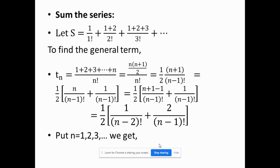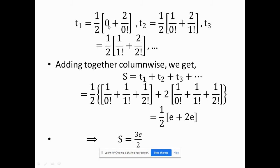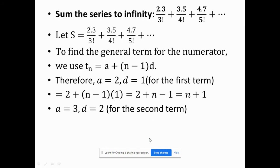The next problem has terms that keep increasing. The nth term has numerator equal to the sum of the first n natural numbers, n(n+1)/2, and denominator n!. As usual, we eliminate n from the numerator using the algorithmic method, substitute n = 1, 2, 3, then add column-wise — collecting first elements, second elements, and third elements together — to obtain the final series sum.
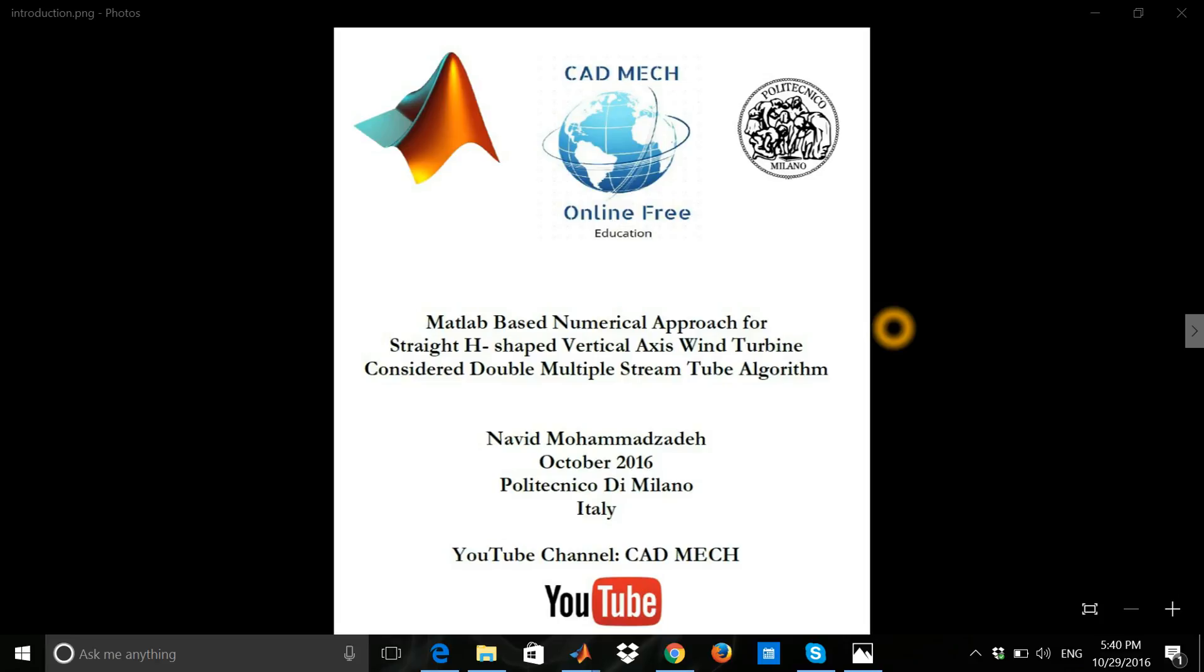Once again, hello everybody. I'm Navid Mahamazadeh and I'm here to present another project which has been done in Politecnico di Milano using MATLAB software with combinations of graphic user interface, which is an application of MATLAB software.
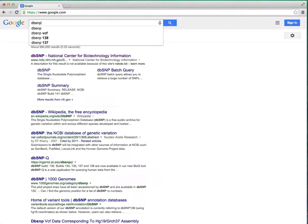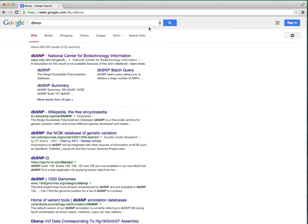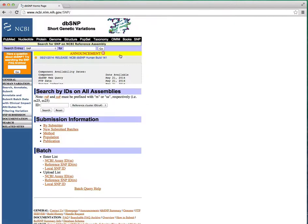To get to the dbSNP website, search Google. It should be your first hit. The dbSNP name is a bit misleading because it does contain more than SNPs. As the home page says, it contains short genetic variations.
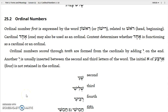Ordinal numbers are like first, second, third, fourth, fifth. The ordinal 'first' is expressed by a separate word, rishon — spelled with or without the aleph — from the noun rosh, meaning head or beginning. Echad may also be used as an ordinal, and context determines whether echad is functioning as an ordinal 'first' or a cardinal 'one.'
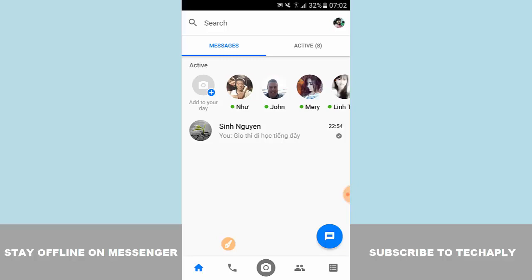This video is another quick tutorial on Facebook Messenger. I'll show you how to appear offline or go invisible on Facebook Messenger. Let's get started.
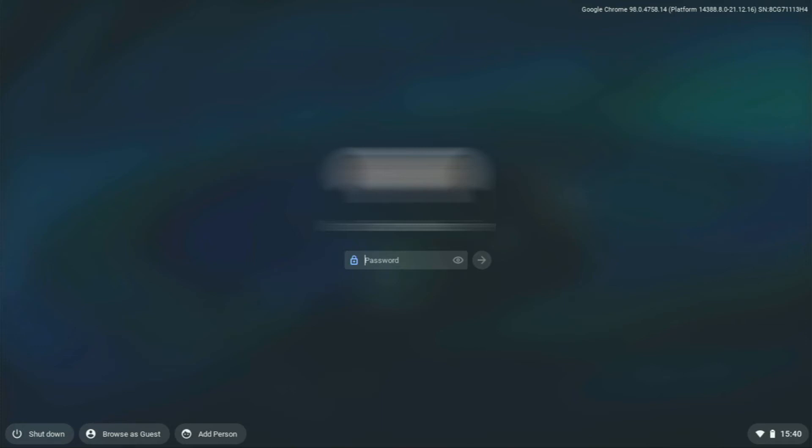Hello everybody, in this video I'm going to show you how to remove the guest browsing from the Chromebook.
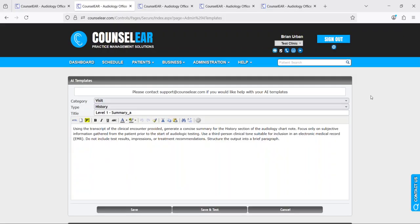All right, so that is the overview on the Counselor AI Assist process of activating the feature, utilizing it within the patient visit, as well as customizing templates within your account. Of course you have any questions, please give us a call, email us, live chat us. We are always happy to help.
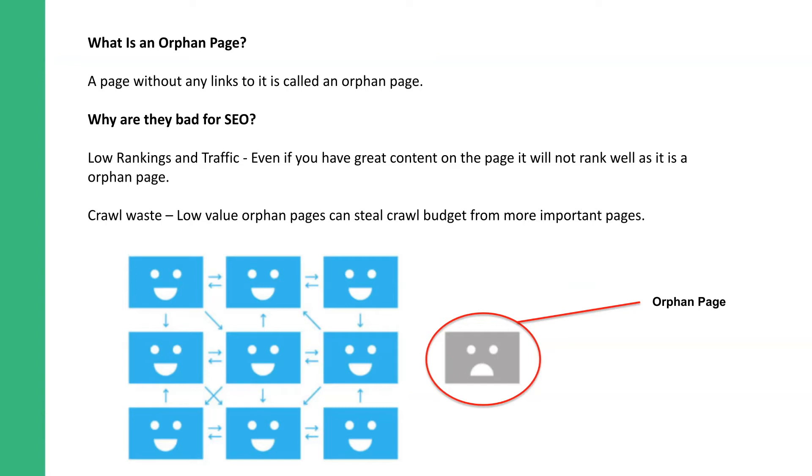That's just a little example of an orphan page out on its own, and there are all the other pages — they're all happy.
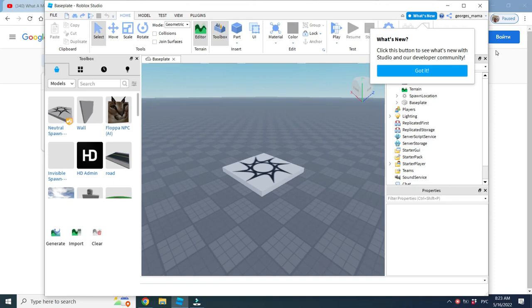Hi, I'm Dari, and today we will see how to anchor parts in Roblox. This is our Roblox Studio, and we spawn some parts.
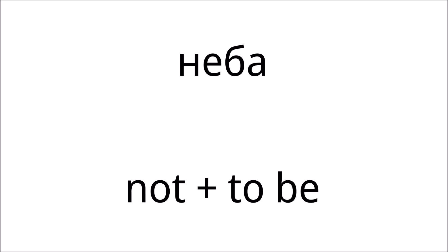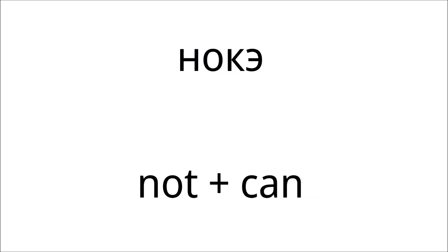It can also be added at the beginning of words, for example, nieba, but there are some irregularities with this. You say nieba, but noke.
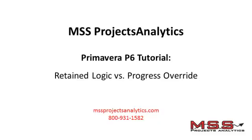Greetings from MSS Projects Analytics. This Primavera P6 training tutorial demonstrates the use of retained logic versus progress override when scheduling progressed activities.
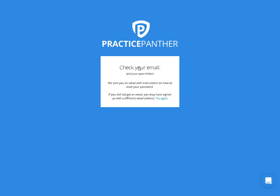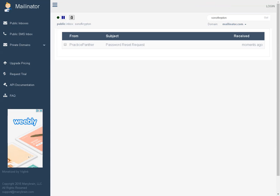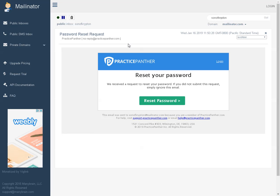Then it will tell you to go ahead and check your email. If you log into your email account you should see an email that has 'password reset request' in it. Just go ahead and open up that email and it'll tell you to reset your password — just click the big green reset password button.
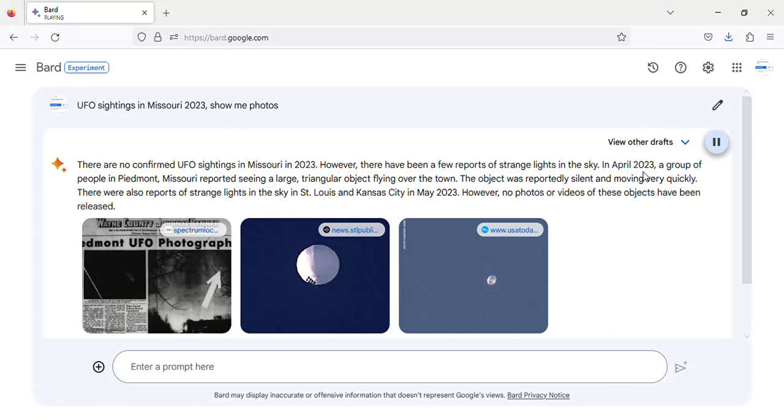In April 2023, a group of people in Piedmont, Missouri reported seeing a large, triangular object flying over the town.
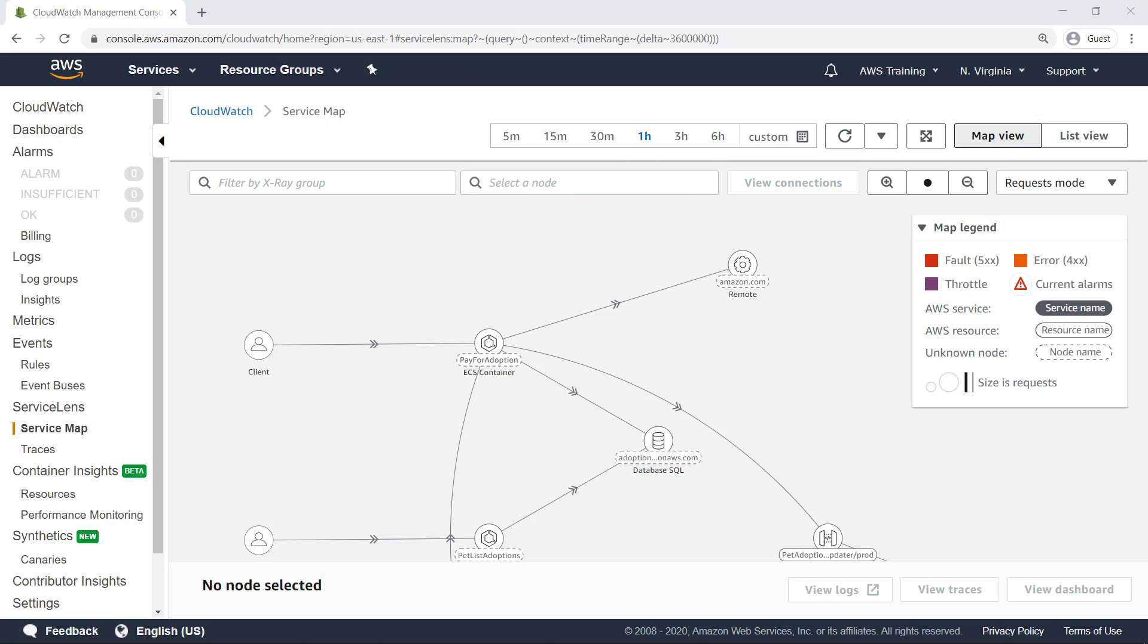Using the drop-down menu in the filters, you can choose to view the Service Map in Requests mode, Latency mode, or neither.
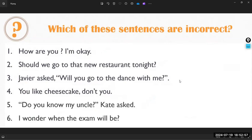That is everything about the question mark. If you have any questions, you can ask. Let's stop this video and meet again to discuss the next punctuation mark.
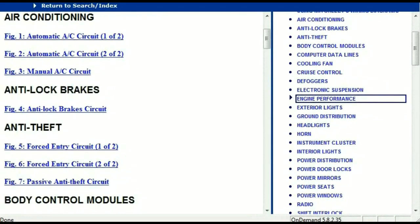So once the document is landed in your hands, it's going to look like this. It has got different chapters, and those chapters are different units within the vehicle which have got electrical circuits.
========================================
What you are asked to do:
From the first line above down to the line with "To get to the", reproduce every line and no others, omitting pictures.

Result:
The next problem has terms that keep increasing. The nth term has numerator equal to the sum of the first n natural numbers, n(n+1)/2, and denominator n!. As usual, we eliminate n from the numerator using the algorithmic method, substitute n = 1, 2, 3, then add column-wise — collecting first elements, second elements, and third elements together — to obtain the final series sum.
Once again, hello everybody. I'm Navid Mahamazadeh and I'm here to present another project which has been done in Politecnico di Milano using MATLAB software with combinations of graphic user interface, which is an application of MATLAB software.
To get to the dbSNP website, search Google. It should be your first hit. The dbSNP name is a bit misleading because it does contain more than SNPs. As the home page says, it contains short genetic variations.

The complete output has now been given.